RECORDS TO USE —
════
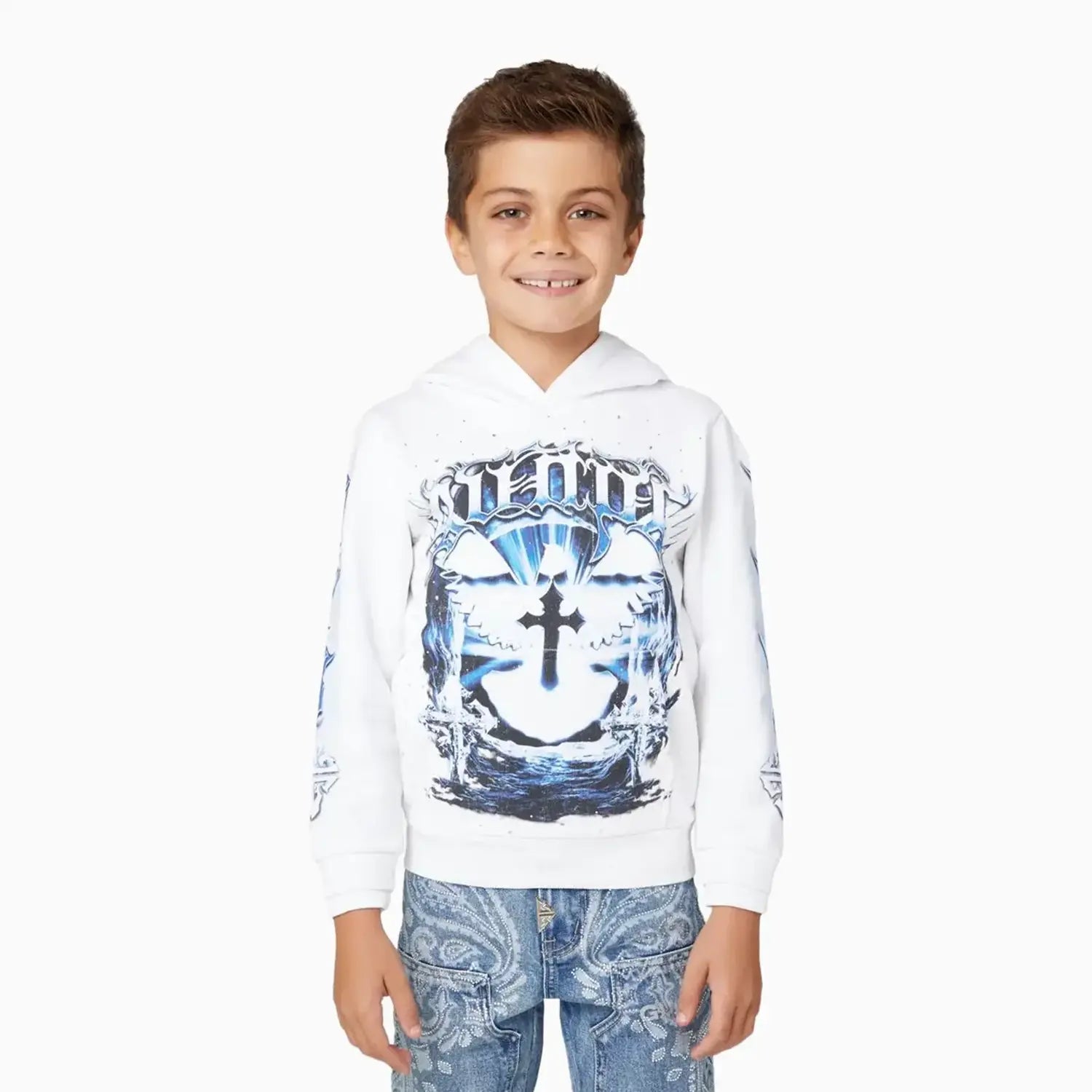 Kid's Heavens Vault Pull Over Hoodie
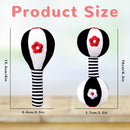 XIXILAND Baby Rattles 0-6 Months Newborn Toys Infant Toys 0-6 Months Rattles for Babies 0-6 Months Baby Toys 0-6 Months, Black and White High Contrast Baby Toys Dumbbell Toy for 0 3 6 9 12 Months by TinyTreasures Baby Boutique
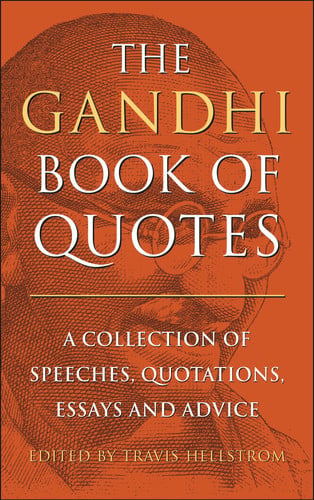 Front Cover Of Gandhi Book of Quotes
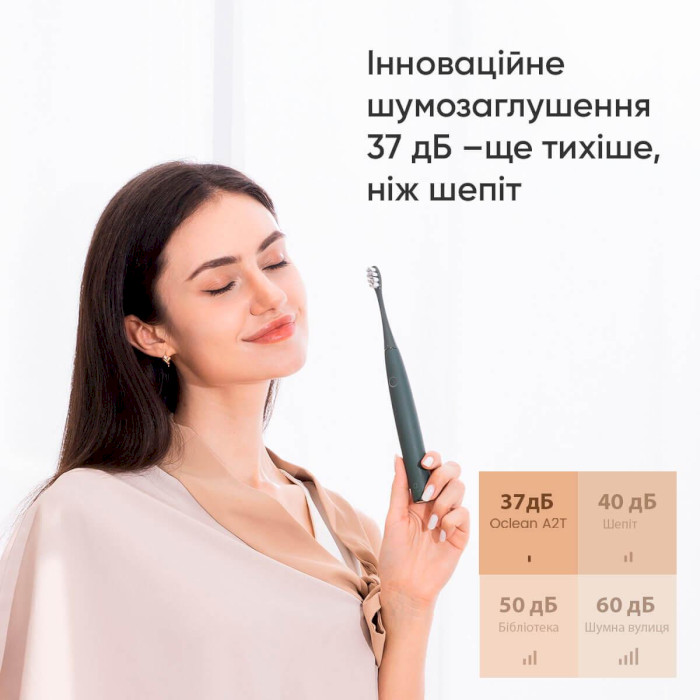 Електрична зубна щітка OCLEAN Air 2T Vitality Green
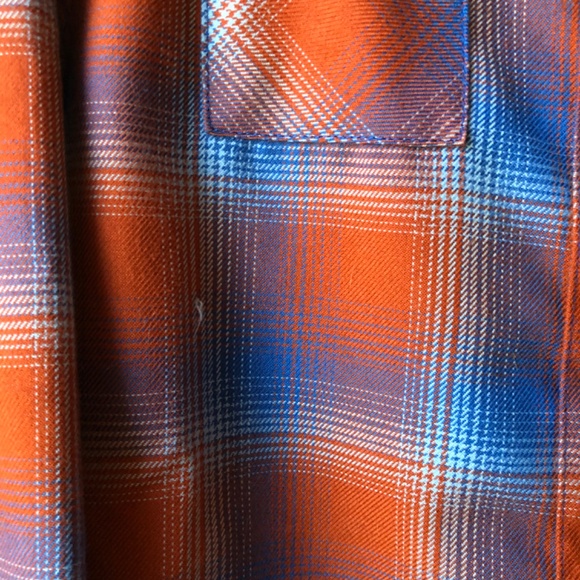 Dixon Flannel Boys Small Washed Once Back To School - Picture 5 of 7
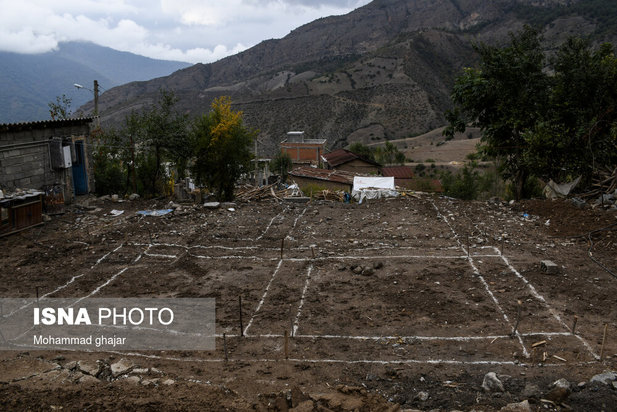 وضعیت روستای قورچای، یک ماه پس از وقوع زلزله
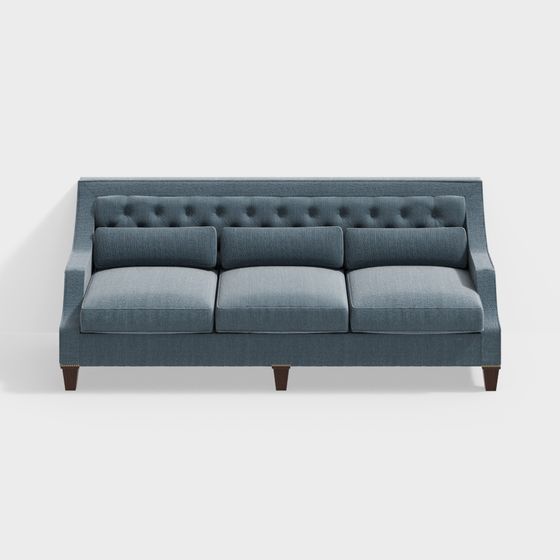 Elegant Low Polygon Sofa 3D model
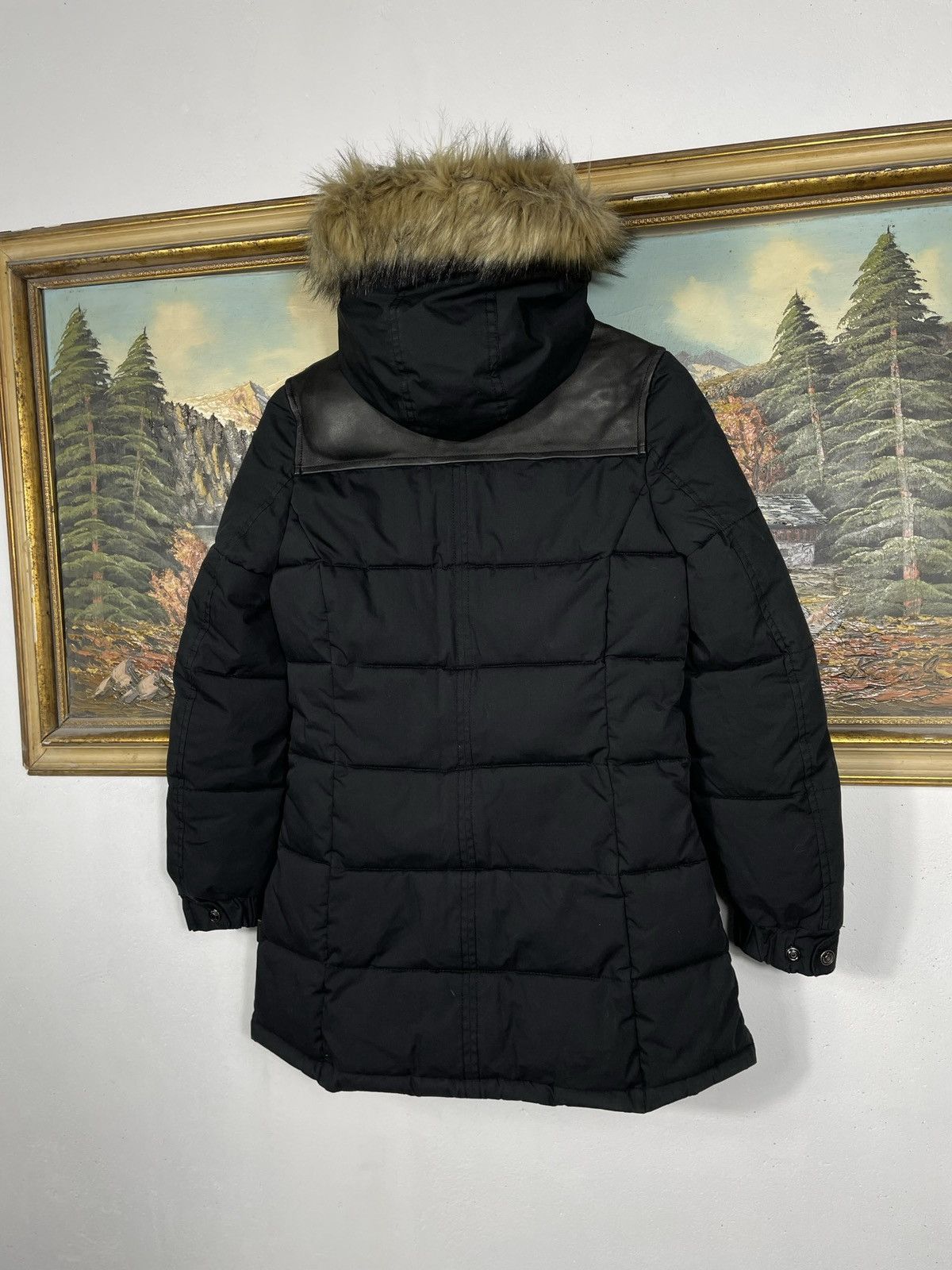 Schott Schott Puffer Black Coat Parka Winter Warm Outdoor Gorpcore Size XS / US 0-2 / IT 36-38 - 7 Thumbnail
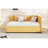Upholstered Daybed With Trundle Sofa Bed Frame No Box Spring Needed, Linen Fabric-706261092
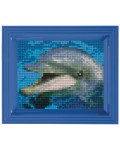 Мозайка с рамка Pixelhobby - Делфин, комплект с пиксели Classic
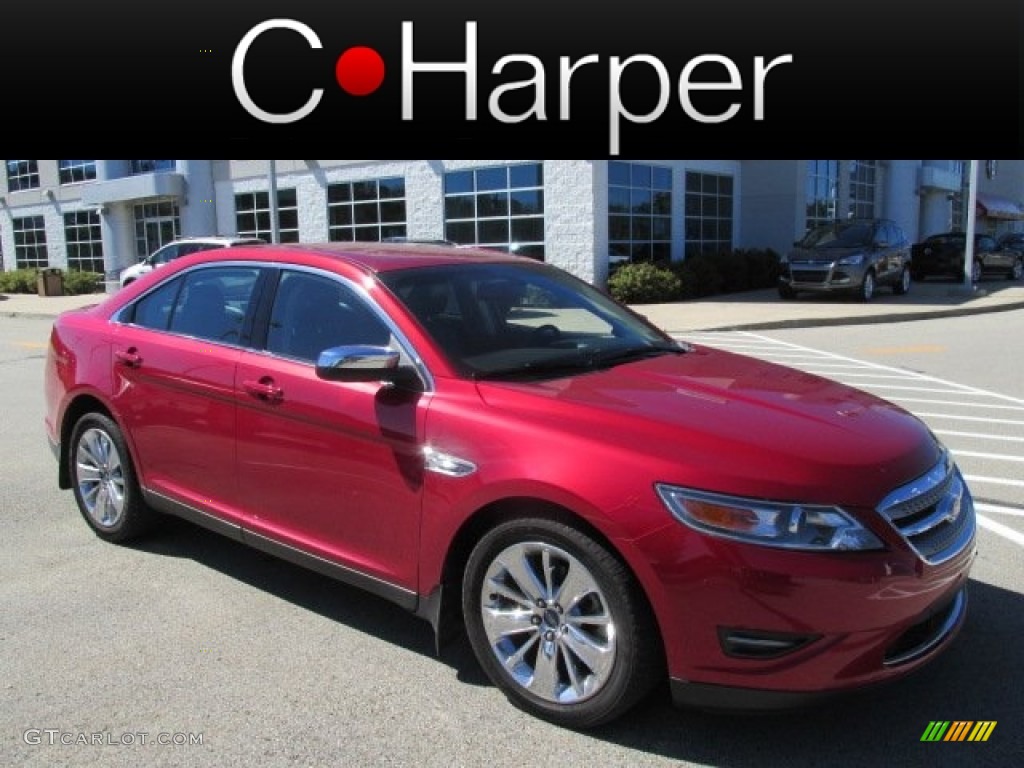 2010 Taurus Limited - Red Candy Metallic / Charcoal Black photo #1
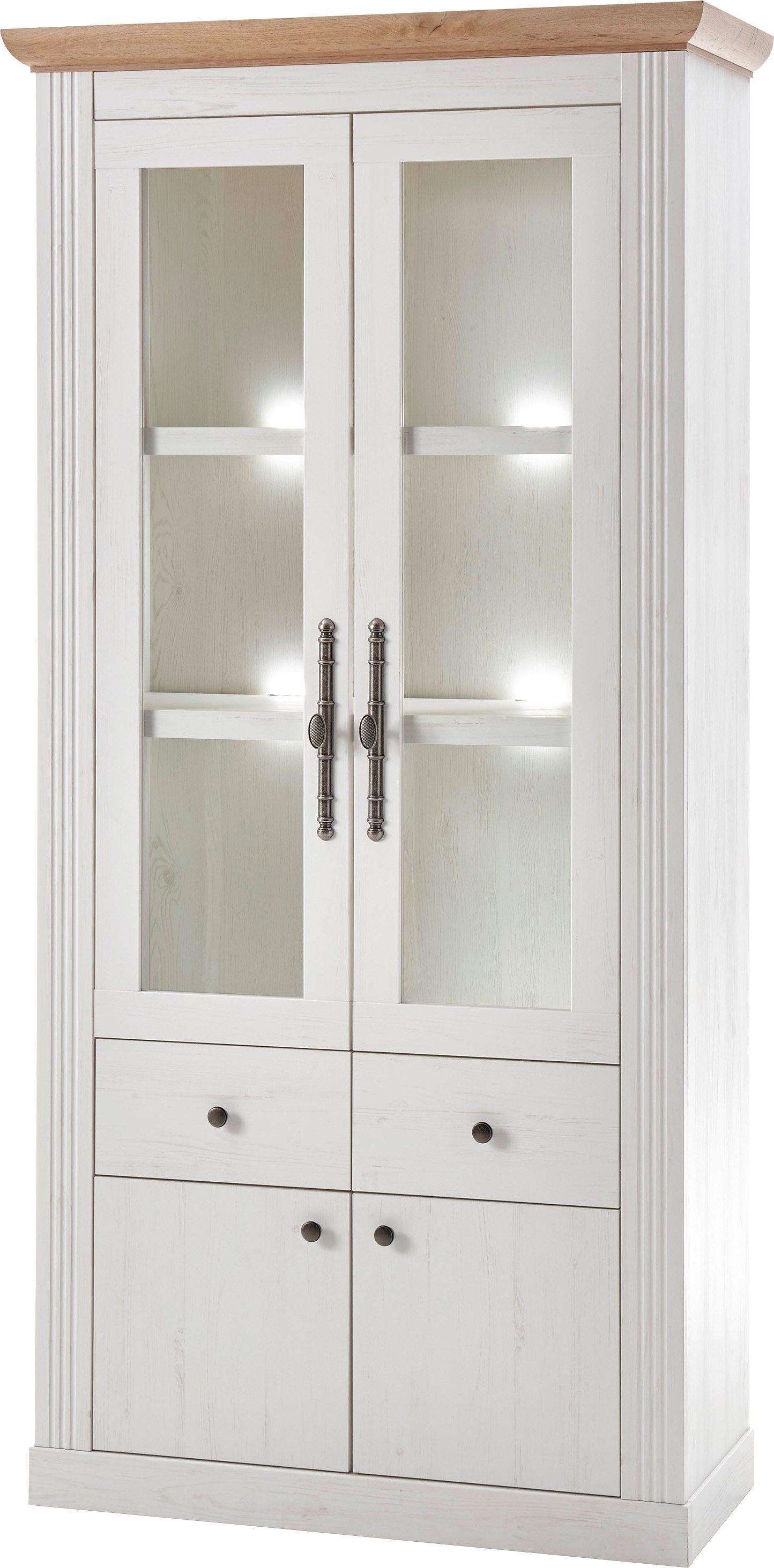 Pinie by Dekor Dekor, Eiche affaire Dekor Landhausstil, Wotan Weiss Pinie Vitrine Home | Westminster exclusiv im Applikation romantischen Weiss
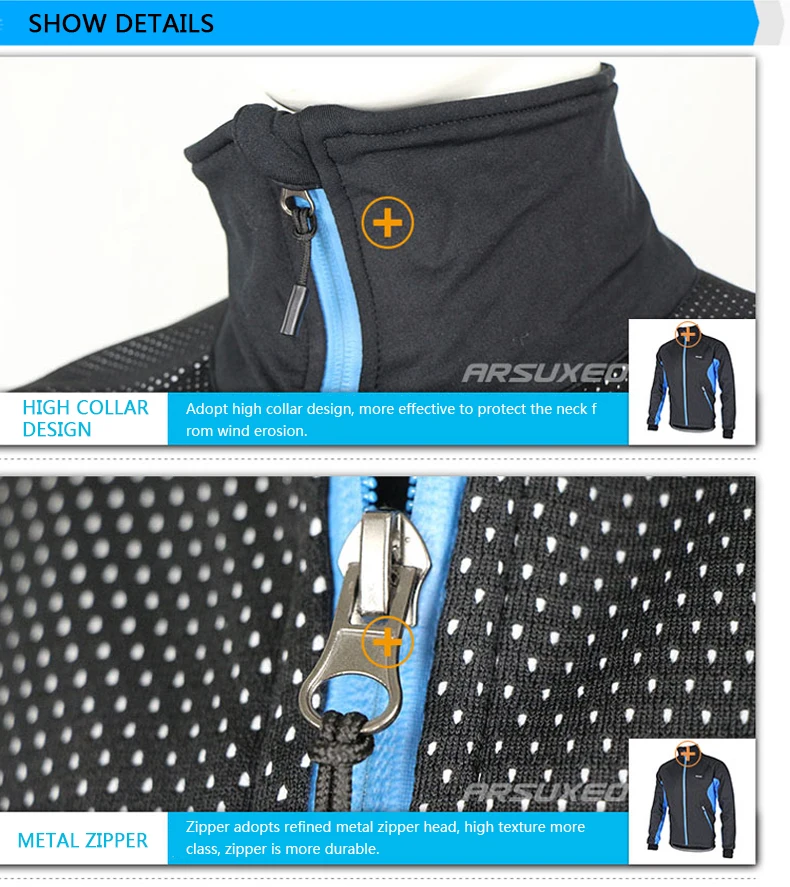 ARSUXEO велосипедная одежда ветрозащитная Водонепроницаемая Джерси Зимняя теплая велосипедная куртка 14D наивысшего качества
════
EXERCISE AIM — Above are the records; please give again, exactly and in full, only the lines that run from the line with "Електрична зубна щітка" through the line with "2010 Taurus Limited", with no pictures.

REPLY —
 Електрична зубна щітка OCLEAN Air 2T Vitality Green
 Dixon Flannel Boys Small Washed Once Back To School - Picture 5 of 7
 وضعیت روستای قورچای، یک ماه پس از وقوع زلزله
 Elegant Low Polygon Sofa 3D model
 Schott Schott Puffer Black Coat Parka Winter Warm Outdoor Gorpcore Size XS / US 0-2 / IT 36-38 - 7 Thumbnail
Upholstered Daybed With Trundle Sofa Bed Frame No Box Spring Needed, Linen Fabric-706261092
 Мозайка с рамка Pixelhobby - Делфин, комплект с пиксели Classic
 2010 Taurus Limited - Red Candy Metallic / Charcoal Black photo #1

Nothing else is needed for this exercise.